**Data for the task**

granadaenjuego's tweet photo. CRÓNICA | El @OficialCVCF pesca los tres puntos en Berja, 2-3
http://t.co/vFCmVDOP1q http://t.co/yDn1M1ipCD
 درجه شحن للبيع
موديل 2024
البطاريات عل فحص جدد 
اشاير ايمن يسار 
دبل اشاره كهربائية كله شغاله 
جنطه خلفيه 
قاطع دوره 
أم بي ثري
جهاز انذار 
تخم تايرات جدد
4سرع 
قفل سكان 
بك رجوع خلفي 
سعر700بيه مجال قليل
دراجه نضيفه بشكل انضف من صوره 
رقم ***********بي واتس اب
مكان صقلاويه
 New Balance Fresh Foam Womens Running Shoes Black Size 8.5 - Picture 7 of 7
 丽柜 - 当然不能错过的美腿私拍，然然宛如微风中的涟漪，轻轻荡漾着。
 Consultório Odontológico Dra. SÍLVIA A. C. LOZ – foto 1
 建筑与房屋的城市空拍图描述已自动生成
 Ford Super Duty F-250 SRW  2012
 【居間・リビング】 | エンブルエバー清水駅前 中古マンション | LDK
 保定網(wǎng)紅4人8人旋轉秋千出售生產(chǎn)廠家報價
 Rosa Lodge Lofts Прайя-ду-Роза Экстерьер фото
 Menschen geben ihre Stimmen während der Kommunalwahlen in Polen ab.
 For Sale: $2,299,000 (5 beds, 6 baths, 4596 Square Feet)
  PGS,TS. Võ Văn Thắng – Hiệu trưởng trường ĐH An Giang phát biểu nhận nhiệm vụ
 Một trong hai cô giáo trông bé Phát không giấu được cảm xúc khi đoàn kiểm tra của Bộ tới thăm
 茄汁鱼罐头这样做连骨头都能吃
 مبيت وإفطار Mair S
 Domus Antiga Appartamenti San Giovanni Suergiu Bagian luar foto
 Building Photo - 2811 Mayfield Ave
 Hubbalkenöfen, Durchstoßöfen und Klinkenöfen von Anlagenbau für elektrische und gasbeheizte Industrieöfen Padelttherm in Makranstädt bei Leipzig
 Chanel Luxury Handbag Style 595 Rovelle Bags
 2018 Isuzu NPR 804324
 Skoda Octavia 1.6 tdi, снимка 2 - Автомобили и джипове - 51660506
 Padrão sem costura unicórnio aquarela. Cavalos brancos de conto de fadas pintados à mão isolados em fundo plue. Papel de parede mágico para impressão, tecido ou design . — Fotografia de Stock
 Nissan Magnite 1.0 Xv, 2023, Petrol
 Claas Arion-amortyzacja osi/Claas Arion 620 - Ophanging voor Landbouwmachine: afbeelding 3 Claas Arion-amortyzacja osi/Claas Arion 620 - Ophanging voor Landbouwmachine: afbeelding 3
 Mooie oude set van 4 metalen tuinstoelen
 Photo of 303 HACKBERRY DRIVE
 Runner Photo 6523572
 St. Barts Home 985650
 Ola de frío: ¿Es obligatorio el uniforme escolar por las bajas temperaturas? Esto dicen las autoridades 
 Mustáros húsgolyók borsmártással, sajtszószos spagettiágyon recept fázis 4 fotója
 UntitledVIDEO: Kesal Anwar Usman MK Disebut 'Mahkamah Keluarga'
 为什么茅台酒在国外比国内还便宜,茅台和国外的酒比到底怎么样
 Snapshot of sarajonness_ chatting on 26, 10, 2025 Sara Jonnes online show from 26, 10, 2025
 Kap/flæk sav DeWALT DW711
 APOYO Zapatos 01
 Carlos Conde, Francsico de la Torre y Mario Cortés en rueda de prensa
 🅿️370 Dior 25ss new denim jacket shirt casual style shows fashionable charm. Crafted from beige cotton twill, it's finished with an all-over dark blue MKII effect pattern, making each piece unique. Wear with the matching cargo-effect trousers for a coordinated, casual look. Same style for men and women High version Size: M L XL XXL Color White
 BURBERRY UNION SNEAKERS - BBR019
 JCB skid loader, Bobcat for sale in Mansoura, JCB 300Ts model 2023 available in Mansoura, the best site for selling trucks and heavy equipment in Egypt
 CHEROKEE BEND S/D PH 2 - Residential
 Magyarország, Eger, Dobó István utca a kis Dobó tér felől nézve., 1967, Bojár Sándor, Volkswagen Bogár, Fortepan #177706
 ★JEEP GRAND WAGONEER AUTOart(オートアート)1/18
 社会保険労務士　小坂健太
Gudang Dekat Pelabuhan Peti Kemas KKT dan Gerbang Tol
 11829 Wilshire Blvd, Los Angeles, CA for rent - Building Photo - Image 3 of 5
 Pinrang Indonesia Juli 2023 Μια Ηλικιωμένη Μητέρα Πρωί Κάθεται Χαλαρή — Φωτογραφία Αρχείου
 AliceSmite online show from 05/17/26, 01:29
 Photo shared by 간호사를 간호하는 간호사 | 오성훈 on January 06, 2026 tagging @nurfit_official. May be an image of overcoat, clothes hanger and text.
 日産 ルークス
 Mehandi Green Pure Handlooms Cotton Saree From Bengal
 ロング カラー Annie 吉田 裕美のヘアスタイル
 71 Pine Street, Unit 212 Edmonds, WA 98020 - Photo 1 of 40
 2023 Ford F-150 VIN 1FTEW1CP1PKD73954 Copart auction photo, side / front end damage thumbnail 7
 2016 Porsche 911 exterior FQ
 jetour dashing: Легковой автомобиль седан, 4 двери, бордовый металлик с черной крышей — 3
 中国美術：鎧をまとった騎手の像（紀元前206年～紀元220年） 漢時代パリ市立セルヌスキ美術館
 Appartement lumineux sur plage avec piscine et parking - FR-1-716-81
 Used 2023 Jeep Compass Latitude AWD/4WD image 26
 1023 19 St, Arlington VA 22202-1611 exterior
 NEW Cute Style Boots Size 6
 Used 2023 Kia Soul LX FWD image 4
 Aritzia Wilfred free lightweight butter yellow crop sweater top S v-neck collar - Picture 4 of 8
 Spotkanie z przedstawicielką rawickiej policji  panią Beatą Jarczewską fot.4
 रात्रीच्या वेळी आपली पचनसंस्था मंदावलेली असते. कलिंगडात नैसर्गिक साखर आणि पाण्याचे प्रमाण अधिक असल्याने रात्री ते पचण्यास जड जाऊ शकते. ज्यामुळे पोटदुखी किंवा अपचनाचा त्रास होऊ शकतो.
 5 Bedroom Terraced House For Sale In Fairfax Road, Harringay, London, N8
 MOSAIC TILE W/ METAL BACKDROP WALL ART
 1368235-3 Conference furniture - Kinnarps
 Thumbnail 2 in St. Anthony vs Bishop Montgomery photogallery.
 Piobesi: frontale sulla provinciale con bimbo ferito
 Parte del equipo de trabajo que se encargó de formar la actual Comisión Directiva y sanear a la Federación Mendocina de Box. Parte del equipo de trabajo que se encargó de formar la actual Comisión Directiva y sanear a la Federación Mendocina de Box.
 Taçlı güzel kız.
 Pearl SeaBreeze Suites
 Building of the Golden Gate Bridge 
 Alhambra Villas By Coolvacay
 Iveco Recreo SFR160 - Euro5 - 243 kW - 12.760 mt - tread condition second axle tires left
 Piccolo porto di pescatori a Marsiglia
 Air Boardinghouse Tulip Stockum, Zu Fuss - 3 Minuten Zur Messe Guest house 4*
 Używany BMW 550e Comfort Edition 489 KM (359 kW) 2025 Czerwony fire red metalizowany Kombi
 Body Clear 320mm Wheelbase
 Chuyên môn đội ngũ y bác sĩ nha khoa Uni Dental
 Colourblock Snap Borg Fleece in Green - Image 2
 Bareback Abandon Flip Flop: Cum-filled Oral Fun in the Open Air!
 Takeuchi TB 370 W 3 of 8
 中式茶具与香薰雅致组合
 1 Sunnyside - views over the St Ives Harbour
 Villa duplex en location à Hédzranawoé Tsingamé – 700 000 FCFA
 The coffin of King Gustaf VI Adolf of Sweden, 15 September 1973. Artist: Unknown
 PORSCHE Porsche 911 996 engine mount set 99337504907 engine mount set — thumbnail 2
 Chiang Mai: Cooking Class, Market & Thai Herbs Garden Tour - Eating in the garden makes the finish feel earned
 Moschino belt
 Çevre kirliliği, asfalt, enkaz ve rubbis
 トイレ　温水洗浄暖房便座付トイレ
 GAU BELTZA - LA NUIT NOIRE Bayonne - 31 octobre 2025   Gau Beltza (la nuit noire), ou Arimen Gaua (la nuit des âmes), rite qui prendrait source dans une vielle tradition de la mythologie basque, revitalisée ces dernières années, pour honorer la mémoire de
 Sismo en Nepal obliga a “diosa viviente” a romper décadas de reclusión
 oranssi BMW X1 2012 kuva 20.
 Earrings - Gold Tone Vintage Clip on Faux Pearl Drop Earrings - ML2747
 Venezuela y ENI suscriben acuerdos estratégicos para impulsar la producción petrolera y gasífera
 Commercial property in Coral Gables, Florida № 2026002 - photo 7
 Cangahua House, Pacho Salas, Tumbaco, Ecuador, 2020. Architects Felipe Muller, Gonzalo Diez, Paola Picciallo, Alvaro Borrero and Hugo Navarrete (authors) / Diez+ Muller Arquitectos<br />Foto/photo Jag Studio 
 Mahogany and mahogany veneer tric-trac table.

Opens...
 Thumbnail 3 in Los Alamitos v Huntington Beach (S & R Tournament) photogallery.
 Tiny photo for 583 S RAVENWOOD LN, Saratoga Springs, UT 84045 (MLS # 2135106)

**Directions**
Take the records above and return, word for word, only the lines that fall from the line with "St. Barts Home 985650" to the line with "JCB skid loader, Bobcat", both of them included.

**Answer box**
 St. Barts Home 985650
 Ola de frío: ¿Es obligatorio el uniforme escolar por las bajas temperaturas? Esto dicen las autoridades 
 Mustáros húsgolyók borsmártással, sajtszószos spagettiágyon recept fázis 4 fotója
 UntitledVIDEO: Kesal Anwar Usman MK Disebut 'Mahkamah Keluarga'
 为什么茅台酒在国外比国内还便宜,茅台和国外的酒比到底怎么样
 Snapshot of sarajonness_ chatting on 26, 10, 2025 Sara Jonnes online show from 26, 10, 2025
 Kap/flæk sav DeWALT DW711
 APOYO Zapatos 01
 Carlos Conde, Francsico de la Torre y Mario Cortés en rueda de prensa
 🅿️370 Dior 25ss new denim jacket shirt casual style shows fashionable charm. Crafted from beige cotton twill, it's finished with an all-over dark blue MKII effect pattern, making each piece unique. Wear with the matching cargo-effect trousers for a coordinated, casual look. Same style for men and women High version Size: M L XL XXL Color White
 BURBERRY UNION SNEAKERS - BBR019
 JCB skid loader, Bobcat for sale in Mansoura, JCB 300Ts model 2023 available in Mansoura, the best site for selling trucks and heavy equipment in Egypt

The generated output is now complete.